Ao transformar esses restos (de portas, caixotes, carrocerias de caminhão, embarcações, telhados, móveis e outros objetos) em coisas novas, Marcone Moreira afirma, ademais, a dupla importância que o lugar onde vive - a cidade de Marabá (Pará), bem ao norte do país - possui para sua produção. Por um lado, é desse lugar de intensa movimentação de pessoas e cargas (lá se cruzam dois rios, a rodovia Transamazônica e a ferrovia Carajás) que vem quase todo o material - descarte de coisas que não possuem mais a sua funcionalidade original - que o artista seleciona, secciona, agrupa e resignifica como coisa sua. Por outro lado, por ser confluência de rotas diversas e de referências simbólicas irredutíveis a outras quaisquer, a dinâmica urbana de Marabá pode ser tomada como metáfora dos procedimentos construtivos que usa. Na cidade, assim como em sua obra, não há espaços para definições precisas de pertencimento ou de identidade, requerendo, dos seus habitantes (dele inclusive), a realização de constantes traduções de sentidos, necessariamente fadadas à opacidade e, portanto, a um resultado sempre inconcluso e provisório.
A dificuldade em classificar os trabalhos de Marcone Moreira em categorias estáveis se reflete no diálogo ambíguo que eles estabelecem com a produção de dois outros artistas contemporâneos brasileiros. A uma primeira visada, os recortes de madeira que expõe remetem aos trabalhos do artista mineiro Celso Renato, o qual também se apropriava, já na década de 1960, de tapumes de madeira, sobras de construções ou pedaços de portas encontradas na rua para - ao contrário de Marcone Moreira, que apenas os escolhe e transporta para outro canto - fazer sobre eles pinturas de extração construtivista, adicionando-lhes, por acréscimo de pigmento, mais uma camada de significados. É inevitável, ainda, aproximar seus trabalhos das pinturas de Emmanuel Nassar, artista também paraense e que partilha, com Marcone Moreira, o interesse sobre o mesmo e impuro repertório visual da região onde moram. Diferem os dois artistas, contudo, em um procedimento construtivo básico: enquanto Emmanuel Nassar se apropria, no mais das vezes, apenas das imagens achadas, refazendo-as sobre suportes variados (às vezes de modo íntegro, outras vezes modificando-as), Marcone Moreira se apropria, adicionalmente, do suporte físico (madeira, nylon ou qualquer coisa mais) onde estão as imagens - antes dispersas em qualquer parte - que o atraem.
Diante de um conjunto de seus trabalhos, pouco se pode dizer, portanto, de modo definitivo.

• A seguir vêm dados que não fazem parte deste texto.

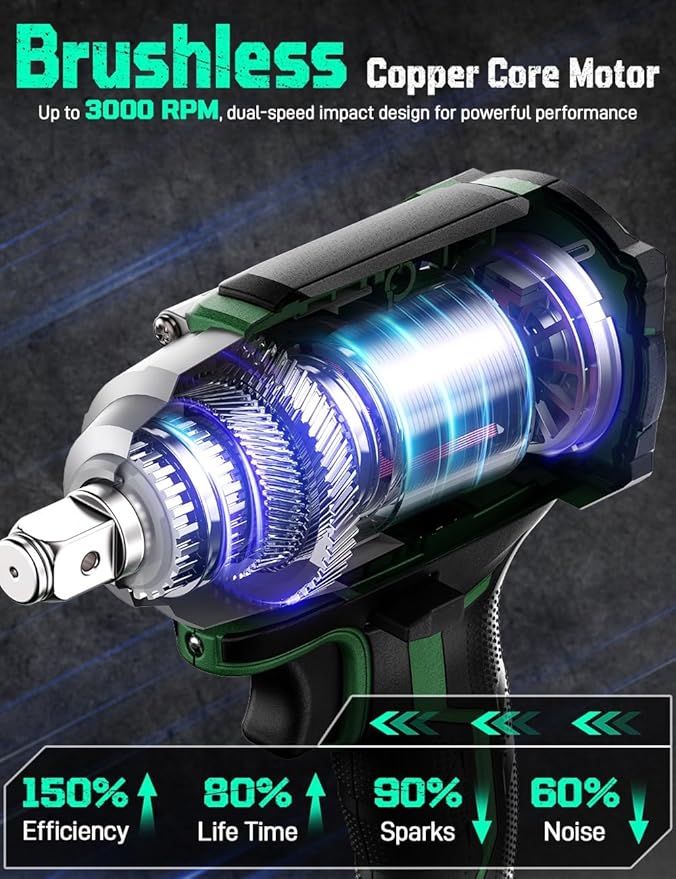 KIMO Cordless Impact Wrench, 550N.m/406ft-lbs, 7Sockets,3Inch Extension Bar, High Torque Brushless Wrench with 3/8" Chuck, 3000 RPM, 4000mAh Li-ion Battery, Charger, Power Impact Driver for Car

Esta imprecisão não resulta, porém, de deficiências conceituais ou de indecisões construtivas; emerge deles, ao contrário, como constitutiva de sua integridade: sem optar por ser pintura ou objeto e movendo-se entre referências eruditas e populares, apropria-se do que está já no mundo sem reivindicar, entretanto, autoria exclusiva do que resulta de seu gesto. Traz, por fim, para um tempo e um lugar preciso (o momento de cada exposição e o lugar do campo da arte), indícios de um tempo não sabido ao certo e de lugares que são só passagem.